━━ Data to examine ━━
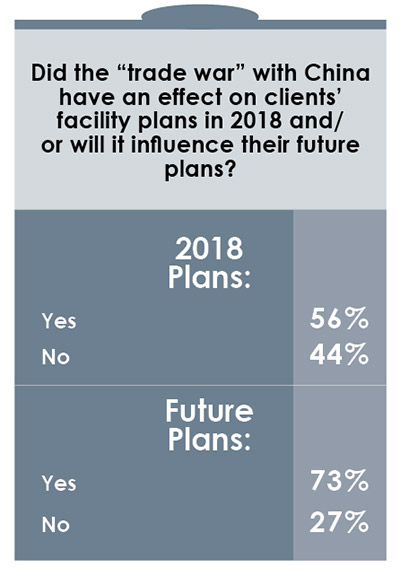 15th Annual Consultants Survey-Chart 7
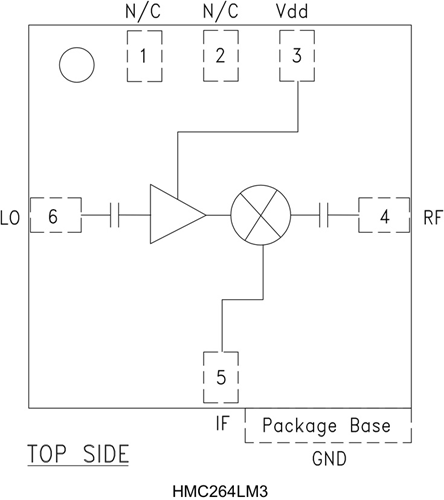 HMC264LM3/HMC264LM3TR微波集成LO放大器混頻器  ADI現貨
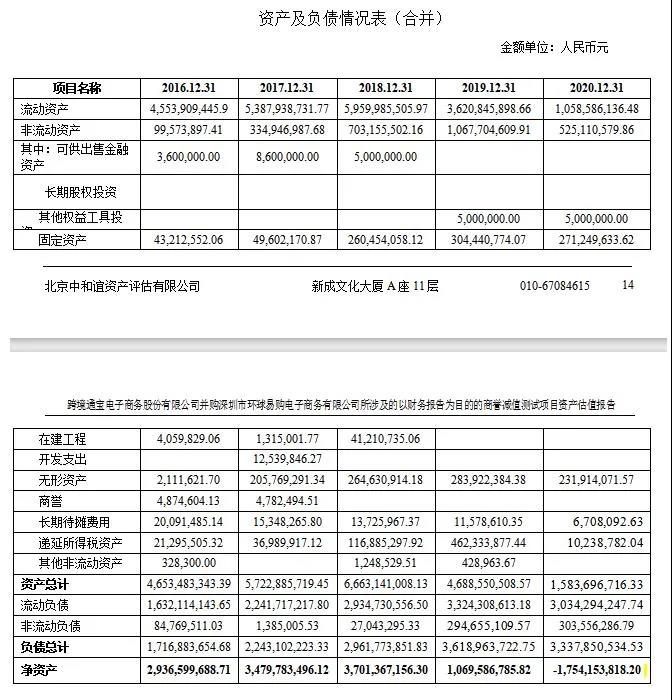 一聲唏噓！百億賣(mài)家環(huán)球易購(gòu)申請(qǐng)破產(chǎn)重整！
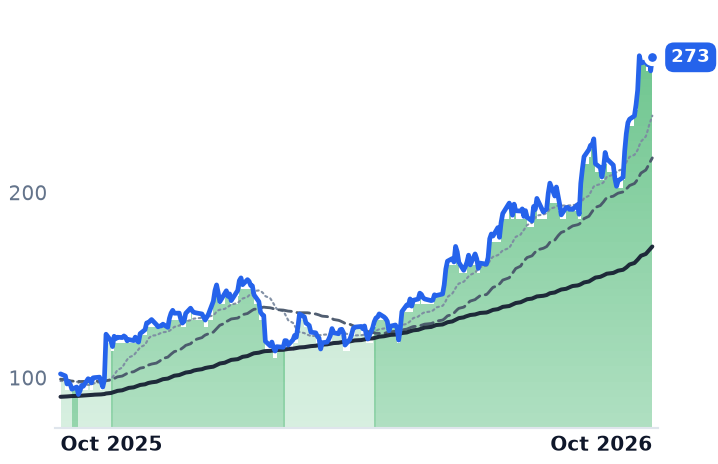 ILMN 12-month price
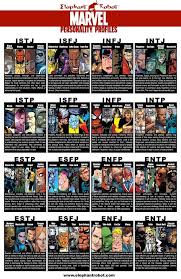 10 Myers Briggs Type Charts For Pop Culture Characters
━━━
- Aim of the task
Write out each entry exactly; any pictures stay out of the copy.

- Answer box
 15th Annual Consultants Survey-Chart 7
 HMC264LM3/HMC264LM3TR微波集成LO放大器混頻器  ADI現貨
 一聲唏噓！百億賣(mài)家環(huán)球易購(gòu)申請(qǐng)破產(chǎn)重整！
 ILMN 12-month price
 10 Myers Briggs Type Charts For Pop Culture Characters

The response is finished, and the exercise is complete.